In view of the above, and the risks associated with total loss of data, it appears too detrimental to attempt a unified profile on a single computing device. Accordingly, the only other viable option appears to be through the use of two computing devices (such as, first and second computers). In this scenario, an operator would attempt to update her second computer each and every time her first computer changed or a file was updated, or vice versa, to remain in real time synchronization. However, this result is absurd.
First, the time expended in attempting this protocol would leave the operator with no other time to do anything else. Given the extremely fast speeds of modern computer processors, it would be impossible for anyone to keep up with the processing of any computer in this manner. Secondly, to say the above method of updating could be affected in real time is misleading. Any human implemented method of this type would merely stump any possible result that could be realized since it cannot be carried out in real time. Real time, as defined herein and which is generally accepted, pertains to a data-processing system that controls an ongoing process and delivers its output (or control inputs) no later than at the time when these are needed for effective control. Based on this definition, it seems impossible that anyone could effectively determine that a file had been added or changed, or a computer established a connection between the two computers, and make the file copy or addition, all within the time necessary, but no later than when needed to affect some result or control. Even further, how could anyone actually know if a change had occurred necessitating this type of action? People simply do not possess the intuitive knowledge to know exactly which files may or may not have been updated and/or added during the operation of the first computer, regardless of whether it is a simple or very complex function, all within real time. Nor, are there any mechanisms, devices or methods in the prior art which have this same intuitive knowledge, through programming, that act within real time so that an absolute determination from an overall analysis throughout the entire computer includes every application setting file embedded deep within the file structure hierarchy for all applications, as well as each attribute of the desktop environment including, but not limited to, wallpaper settings, screen saver, power control and clock settings. For each user-defined profile there can be unlimited files to track.
There is an inference of synchronization in the prior art method above that at some point in time, but certainly not in real time, they are two devices having common elements. And since synchronization is defined as the ability to make at least two data elements common or same, the method above could be synchronized for a period of time. However, real time plays havoc on this human implemented method, since as soon as synchronization is achieved within the system, changes and additions to files must again be located and synchronized to the other computer, because real time requires so. In fact, by the time a person realized that a file had changed, before he/she could do anything about it, something else will change.

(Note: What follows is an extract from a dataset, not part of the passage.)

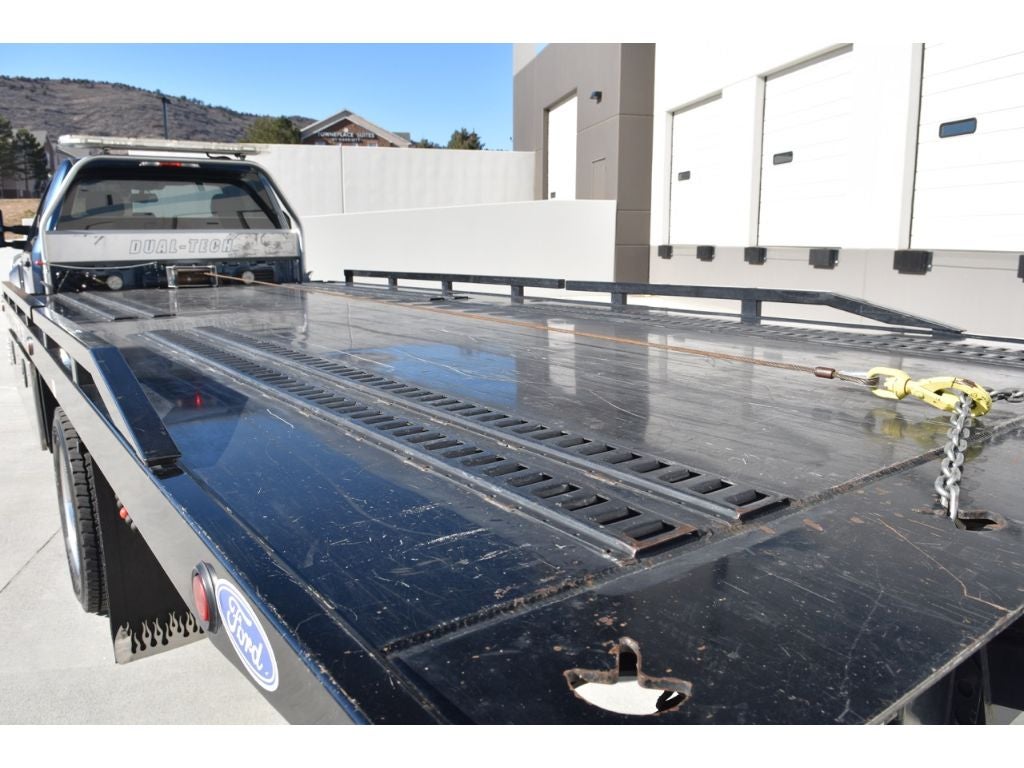 2020 Ford F-550 F Series Super Duty SUPER DUTY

It can therefore be said, that nothing in the prior art permits the synchronization, in real time, encrypting information on-the-fly, of a user-defined profile, of a first computing device to a second computing device utilizing an external storage device such that the two computing devices look and operate as identical devices at any given point in time. It should be noted that some one-time event executing programs do exist but fall way short of real time synchronization due to an inability to continue operating after the single event has executed. There are also single program synchronization programs that permit coupling between two computing devices but for just one program, and they do not allow for copying over base files from one computer to another. Single program synchronization programs are more analogous to a pseudo, temporary sync of minor-proportions. It is therefore clear, that without the novel method of the subject invention of this patent application, real time synchronization of at least two computing device user-defined profiles, employing an external storage device, is not possible.

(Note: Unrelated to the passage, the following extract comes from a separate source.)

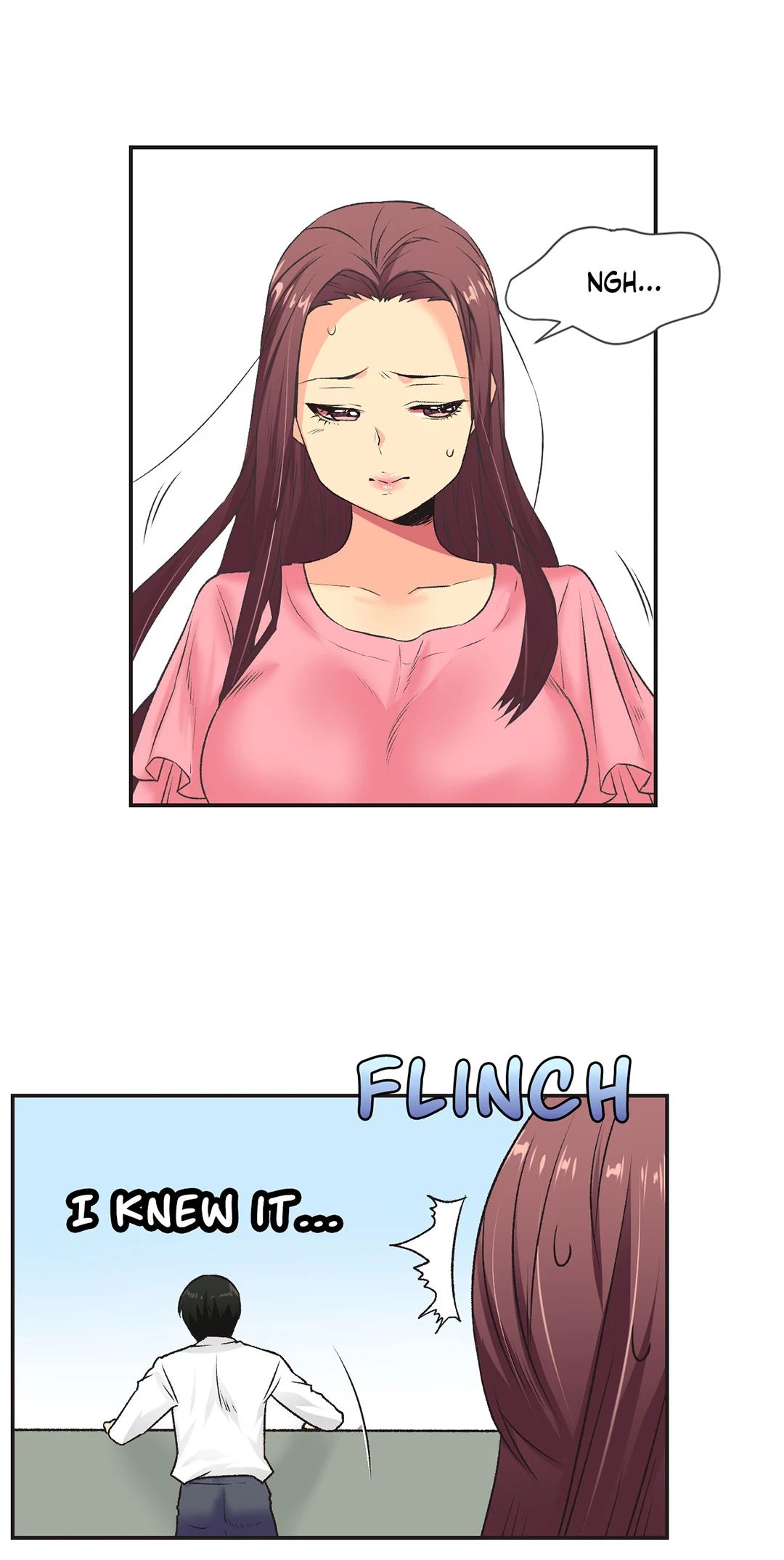 The Yes Girl Chapter 5 image 1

A similar problem in linking two computers presents itself when thinking in terms of upgrading system hardware and software. First, you must ask, what am I updating? Am I updating my six year-old computer to a new computer with both new hardware and software? Or, am I just updating software (i.e., the latest and greatest operating system)? Or am I just updating older hardware and I want to keep my latest operating system? Knowing your intentions, as well as your expectations, will certainly govern your actions as they apply to the update. Misconception of what files and settings will be on a new computer when it is brought to life has been a problem for years in the computer repair industry. Almost all repair facilities simply do not take responsibility for backing up old files and carrying them over to the new computer. Further, repair facilities lack ability to bring forth the user-preference and application settings embedded within the old computer. Sometimes a computer owner simply feels they have no choice but to upgrade, and makes a hasty decision due to false understandings and current events. Y2K caused so many people to update so quickly, out of concern for potential catastrophic failure they did not take the time to back-up certain files, which resulted in a total loss of those files. In the prior art, there is simply no way to exchange (upgrade) your computer for a new one without losing a significant portion, if not all, of the computer user-defined preferences and settings.

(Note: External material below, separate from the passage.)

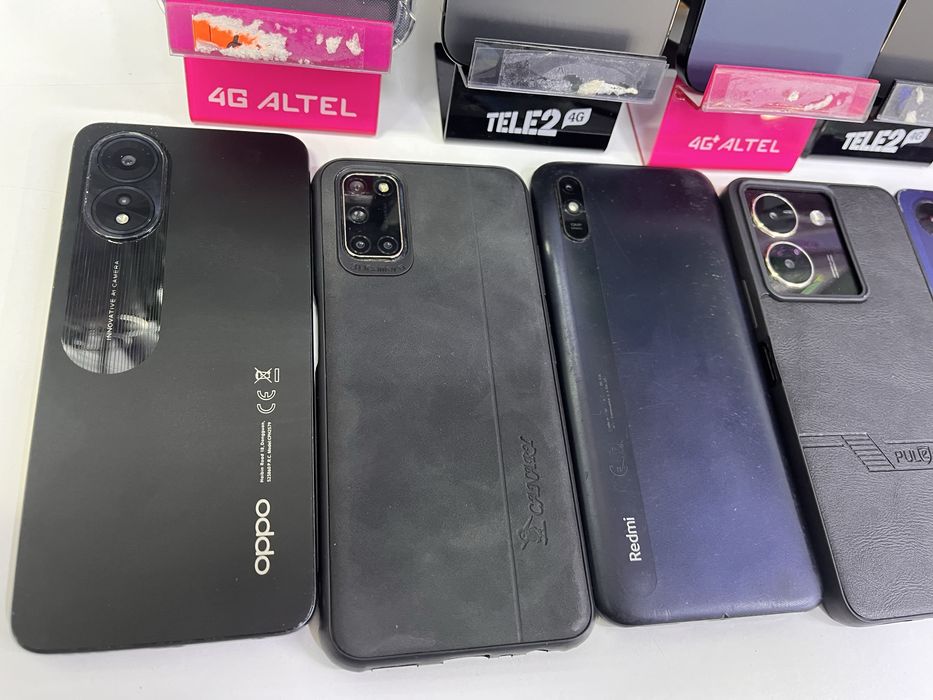 Айфоны и андроид телефоны вы 20 тыс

Anyone who relies on, or at least utilizes, a computer for any part of their business or personal life becomes quite dependent on them and finds it difficult to function without one when away from their typical environment and home. In fact, the desire to constantly check e-mail, inquire into news reports, chat with online-friends and family, or even log into a company network to check schedules and work assignments has driven a whole business related to providing access to the Internet for satisfying people's desires or assisting them in accomplishing their professional and personal goals. In public, portals to the Internet are found in airports, cafes, bars, coffee shops, hotels and public libraries. However, if you want access to your personal environment (profile) and you are away from your personal computer, laptop or palmtop, what can you do? Affectively nothing. In the prior art, when you are away from your computer and its unique profile, you lose access to features that provide convenience and make your time on the computer more enjoyable and more productive. Currently, there is no way to remotely bring forth your profile to enjoy the features you have defined in your profile. Further, when you operate a “leased” machine you tend to leave a trace of your presence behind which is discoverable. There is nothing in the prior art to erase these traces, and this can cause problems.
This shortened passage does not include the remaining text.